According to the US Bureau of Labor Statistics, around 3.3 million people quit their jobs in June 2024.
This recent wave of resignations is a clear sign of ongoing workforce shifts, with some experts even dubbing it “The Great Resignation 2.0.”
For employers, this trend not only brings the challenge of retaining talent and filling vacancies but also the need to navigate resignation laws effectively.
How you deal with resignations can impact your company’s reputation, compliance, and even future hiring prospects. You need to do it right. And this article is here to guide you through the process.
This Article Covers
- Key Resignation Laws in the US
- The Resignation Process (Notices, Resignation Letters, and Quiet Quitting)
- Accepting Resignations
- Dos and Don’t When Dealing with Resignations
Key Resignation Laws in the US
- At-Will Employment: 49 out of 50 states in the US practice at-will employment.

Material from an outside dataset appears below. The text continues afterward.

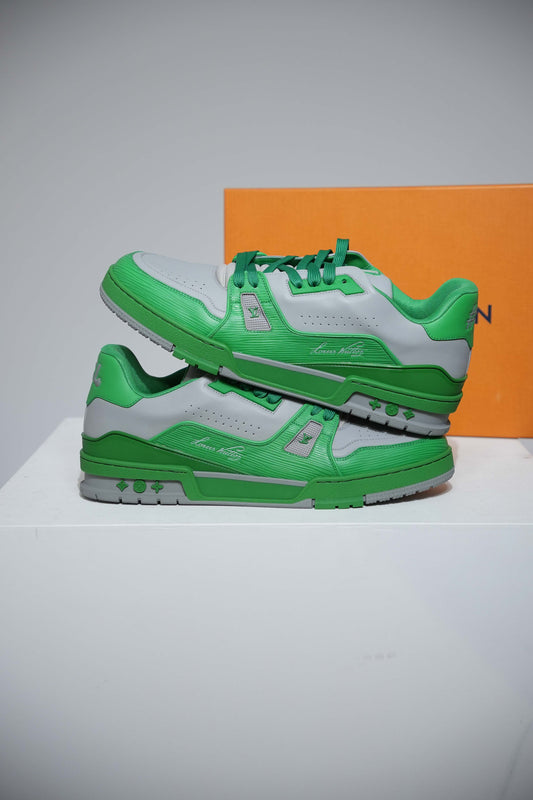 Louis Vuitton Trainer Green Grey (Taille 47 (11IT))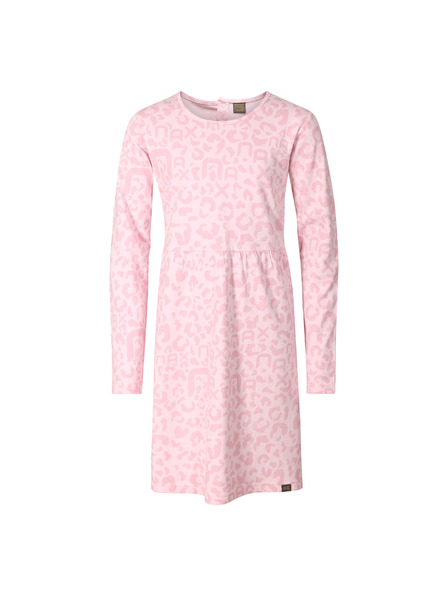 NAX Rochie din bumbac pentru copii nax NAX WERTO mov deschis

This essentially means that either the employer or employee can terminate the employment at any time without facing repercussions. This is provided that termination of employment is not done for illegal reasons such as discrimination or retaliation.
- Resignation Notice Period: The US doesn’t have a federal law that sets a mandatory resignation notice period for employees. The notice period will often have to depend on state laws or what is agreed upon in the employment contract between the employer and the employee.
- Final Pay: There’s no federal law that requires employers to give former employees their final paychecks immediately. However some states can have regulations that require immediate payment. This includes states like Oregon and California, provided that the employee has given ample notice.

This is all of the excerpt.